Corriere della Sera – «Ecco il mio viso sfregiato dall’acido. Aiuterò le donne vittime di violenza»

di Giusi Fasano

«Il 18 settembre compio 36 anni e per me questo sarà anche l’anno zero. Sarò un’altra Lucia per tutta la vita, non posso continuare a nascondermi. Che vedano pure come mi hanno ridotta, non sono certo io che devo vergognarmi…»
(Lucia Annibali)

Deve avere una sua fonte speciale di energia, questa donna in camicia da notte seduta sulla punta di un letto della Chirurgia plastica, ospedale di Parma. Ne pesca un po’ ogni volta che la salita si fa più ripida. Come adesso.

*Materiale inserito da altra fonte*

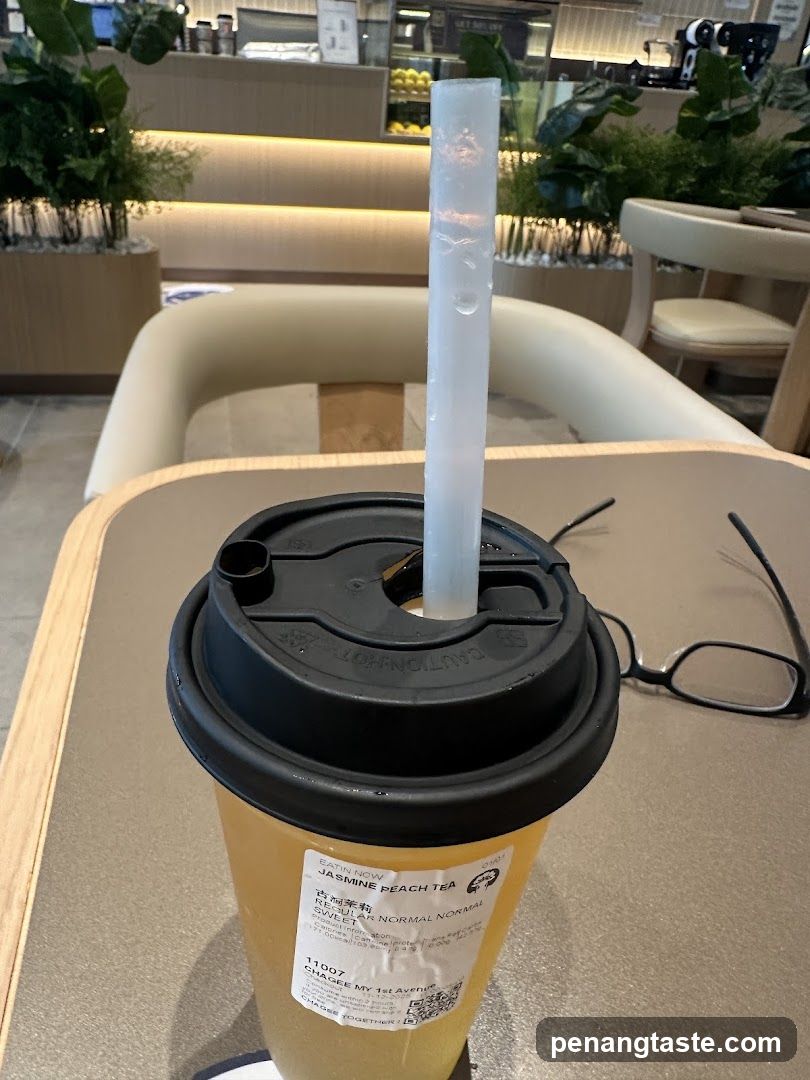 Beverage in café interior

«Sicura di volerlo fare?».
«Sicura».
L’aveva promesso a se stessa il giorno che lo specchio si rifiutò di mostrare la sua vecchia faccia: «Prima o poi esco allo scoperto e mi mostro al mondo. Che vedano pure come mi hanno ridotta, non sono certo io che devo vergognarmi…».
Ecco. È arrivato il momento.
Lucia Annibali seleziona fotografie dal book della sua nuova esistenza. «Sono pronta. Del resto sarò un’altra Lucia per tutta la vita, non posso continuare a nascondermi. Il 18 settembre compio 36 anni e per me questo sarà anche l’anno zero. Rinasco. Ricomincio tutto daccapo con la mia nuova faccia, con il naso un po’ così, con gli occhi fra l’orientale e la riempita di botte, con le sopracciglia da tatuare e la bocca buona per sorridere, finalmente, dopo l’ultima operazione. Ma posso fare di meglio e di più. Sono sicura che so fare di meglio e di più».

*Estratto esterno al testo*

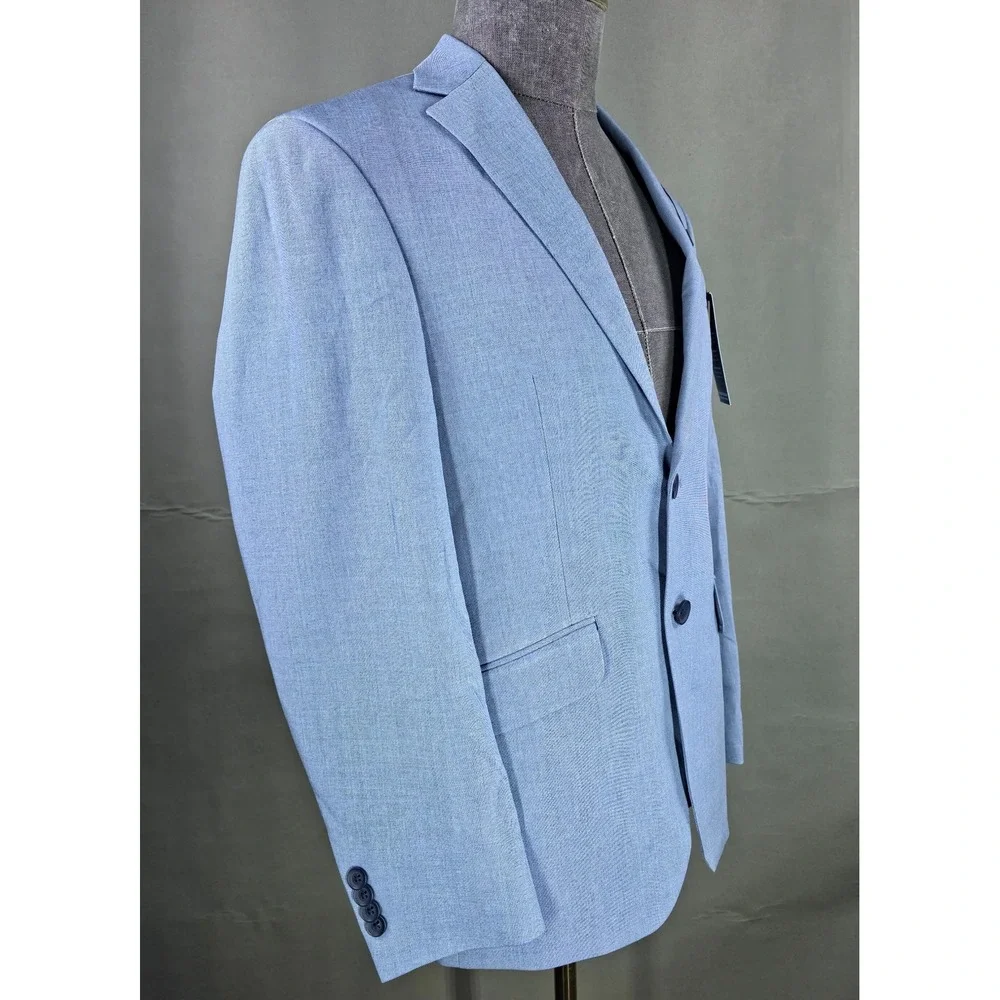 Kenneth‎ Cole reaction 2 Piece Suit Mens 36S Pants 29W Light Blue Quiet Luxury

Sette volte sotto i ferri e non è finita né lo sarà mai. Niente sarà più come prima e lo sapeva fin troppo bene chi l’ha voluta sfregiare così, una sera di cinque mesi fa. Lei rientrava a casa, a Pesaro, uno sconosciuto incappucciato l’aspettava dentro l’appartamento «armato» di un barattolo di acido. Nemmeno il tempo di aprire la porta e quel liquido è finito sulla fronte, sugli occhi, sulle guance, ha fatto il suo lavoro, ha corroso la pelle in un momento. È colato giù, verso il mento mentre Lucia sentiva la faccia «friggere», come dice lei, mentre urlava e urlava, «è stato lui, il mio ex».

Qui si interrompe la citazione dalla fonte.